Data from Morningstar showed investors withdrew £8.2bn from the fund in the year to the end of November and the mandate, which had £20.7bn of assets at its height in February 2018, was £4.9bn in size at the end of November.
The fund has sharply underperformed the IA Targeted Absolute Return sector over the past three and five years - over three years it has returned 3.4 per cent, compared with 5 per cent for the sector, while over five years it has returned 3.5 per cent, compared with over 8 per cent for the sector.
In the past 12 months however the fund has fared better returning 7.5 per cent compared with 4.5 per cent for the sector.
The performance over the past year corresponds with the appointment of former Schroders manager Aymeric Forest as lead manager on the Gars strategy in November 2018. He replaced Guy Stern, who retired.
But the travails of the Gars fund are mirrored by the wider sector, with the Invesco Global Targeted Returns fund, which is managed by a former Gars manager, losing £200m of assets in November.
Ben Yearsley, co-founder at investment consultancy Fairview Investments, said: “With Total Return funds it can be hard to pigeonhole why they do badly, what sort of market conditions help them, or hinder them.
"They should be able to invest in all market conditions.
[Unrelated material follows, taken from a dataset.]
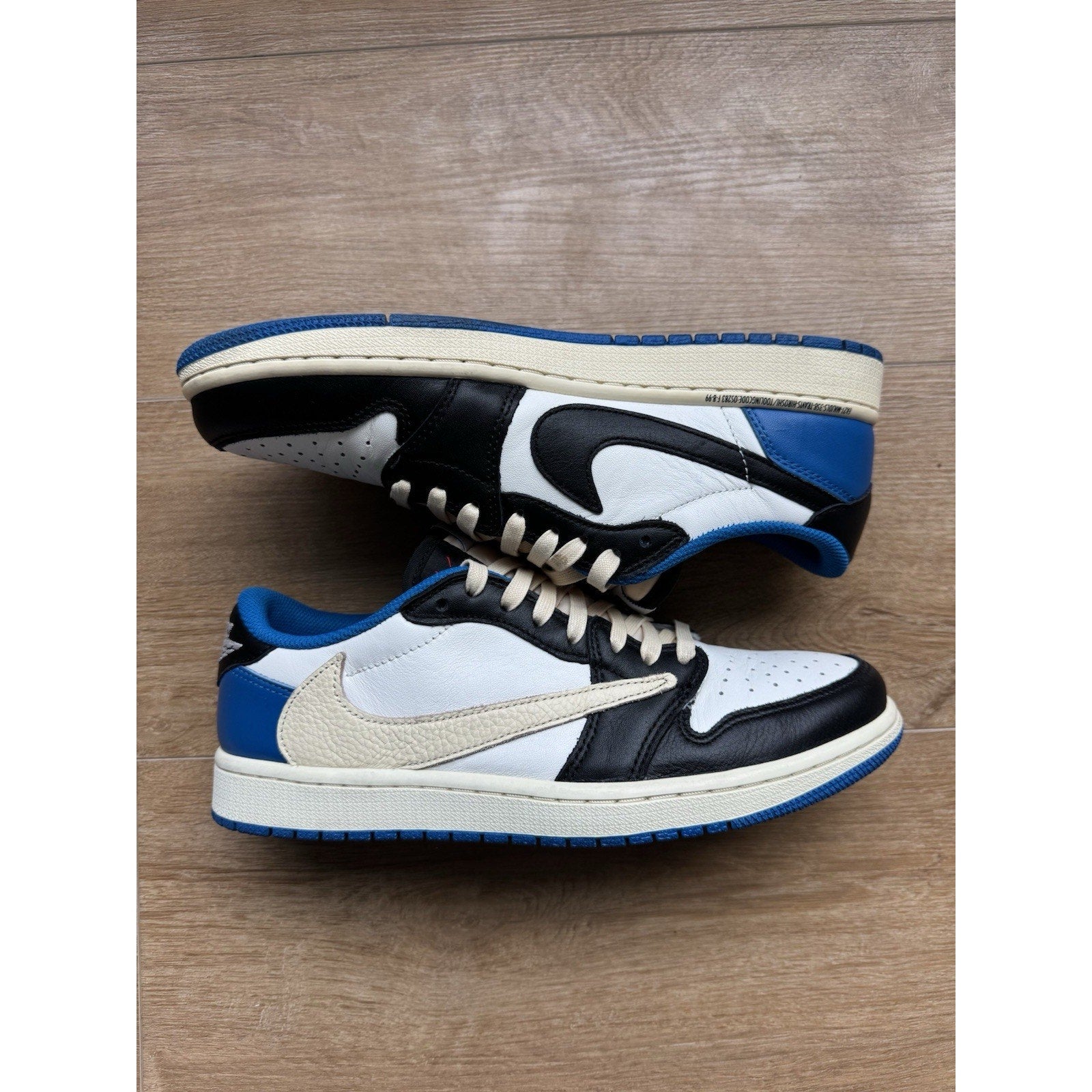 Jordan 1 Retro x Fragment Design x Travis Scott Low Blue - Size 9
But maybe the link is size, these funds do less well when they become very big.
"The recent outflows mean the Gars fund is probably the smallest it has been for a decade and it has performed better, I think this has happened with total return funds far too often for it to be a coincidence.”
A representative of Standard Life Aberdeen said: “Gars has shown clear evidence of an improvement in performance over the last 12 months and under the leadership of Aymeric Forest the team is working well together, strengthening the processes with improved accountability and idea generation that are central to generating return in the Gars portfolio.
"Existing clients noted this improvement has persisted and have started to increase their investments. It will naturally take longer for those not currently invested to be aware of these improvements and to be attracted to the fund."
It added: “Importantly a good way of considering Gars is as a core long term investment that has the inherent flexibility to be able to perform over the whole market cycle, rather than being reliant on growth-assets doing well.
"As such it is materially less volatile than assets such as equities, and while this means it may underperform them in periods of strong growth, we believe it will deliver similar overall levels of return, long-term, by generating more stable returns over the cycle.
"As investors now face more elevated levels of uncertainty relating to slowing global growth, manufacturing recession & trade conflicts we expect those with an eye to the future to seek highly diversified portfolios like Gars.”